Identifying Long Noncoding RNA Dependencies Using CRISPR Interference (CRISPRi)-Based Platform in Multiple Myeloma

To identify therapeutically actionable genetic dependencies we have pursued various approaches to derive a deeper understanding of the oncogenic hallmarks of myelomagenesis. We have studied the long noncoding RNA (lncRNA) landscape in multiple myeloma (MM) and identified a large number of differentially expressed lncRNAs in MM versus normal plasma cells. These lncRNAs presumably drive the tumorigenesis and MM cell growth, and in turn be susceptible to therapeutic intervention. To this end, we have developed and utilized a CRISPR interference (CRISPRi)-based platform for decoding and targeting the lncRNA dependencies (LongDEPs) in MM.

In this study, we have used RNA-seq of patient-derived CD138+ MM cells (n=360) and MM cell lines (n=70) to generate a priority list of 913 expressed intergenic lncRNAs. Then, to systematically interrogate the role of these lncRNAs in MM cell growth, we have performed a CRISPRi viability screen transducing 3 MM cell lines engineered to express a dCAS9-KRAB fusion protein, with a pooled library consisting of 7 sgRNAs against each of the 913 transcription start sites (TSS) and 576 negative control sgRNAs. Relative representation of sgRNAs was assessed by deep sequencing after 3 weeks and analyzed using the MAGeCK robust rank aggregation (RRA) algorithm. The most enriched or depleted sgRNAs were further tested in a secondary CRISPRi viability screen. Focusing on depleted sgRNAs, we have identified >30 unique LongDEPs; which were further validated via an antisense oligonucleotide (ASO)-based loss-of-function study in a panel of MM cell lines (n=11).
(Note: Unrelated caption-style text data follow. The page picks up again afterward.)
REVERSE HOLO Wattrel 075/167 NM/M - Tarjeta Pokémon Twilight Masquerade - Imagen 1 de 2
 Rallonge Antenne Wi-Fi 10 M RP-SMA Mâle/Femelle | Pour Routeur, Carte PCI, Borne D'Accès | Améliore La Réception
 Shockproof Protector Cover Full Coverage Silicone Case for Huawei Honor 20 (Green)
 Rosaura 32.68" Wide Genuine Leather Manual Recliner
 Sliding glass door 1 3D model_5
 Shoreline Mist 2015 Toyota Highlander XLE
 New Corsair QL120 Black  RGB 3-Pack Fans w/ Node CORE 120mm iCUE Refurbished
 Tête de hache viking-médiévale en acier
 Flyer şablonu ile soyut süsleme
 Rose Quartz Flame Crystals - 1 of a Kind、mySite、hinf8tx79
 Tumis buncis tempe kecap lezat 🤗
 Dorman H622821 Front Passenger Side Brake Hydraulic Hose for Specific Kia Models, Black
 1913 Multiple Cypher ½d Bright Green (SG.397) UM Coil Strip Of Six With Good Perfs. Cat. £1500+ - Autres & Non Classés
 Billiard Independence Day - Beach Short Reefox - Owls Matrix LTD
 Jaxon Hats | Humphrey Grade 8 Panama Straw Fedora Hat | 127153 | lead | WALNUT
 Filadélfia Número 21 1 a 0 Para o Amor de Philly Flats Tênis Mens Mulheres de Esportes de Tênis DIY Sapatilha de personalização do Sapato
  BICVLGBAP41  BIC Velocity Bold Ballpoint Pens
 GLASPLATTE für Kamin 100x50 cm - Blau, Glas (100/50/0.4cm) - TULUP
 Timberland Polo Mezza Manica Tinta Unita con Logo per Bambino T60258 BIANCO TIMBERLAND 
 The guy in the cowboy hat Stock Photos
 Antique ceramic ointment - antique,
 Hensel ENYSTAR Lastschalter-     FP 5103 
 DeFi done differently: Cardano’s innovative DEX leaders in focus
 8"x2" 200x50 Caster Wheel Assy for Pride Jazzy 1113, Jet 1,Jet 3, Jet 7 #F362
A comparative transcritpomic analysis comparing data from 360 newly-diagnosed and clinically-annotated MM patients and 16 healthy donors showed significant upregulation of these LongDEPs in MM patient cells. Of note, specific longDEPs were found selectively upregulated in genetically-defined patient subsets, including high-risk MM carrying t(4;14), 1q gain or del17p. Moreover, at least 18 LongDEPs were identified as independent risk-predictors of clinical outcome in newly-diagnosed MM patients.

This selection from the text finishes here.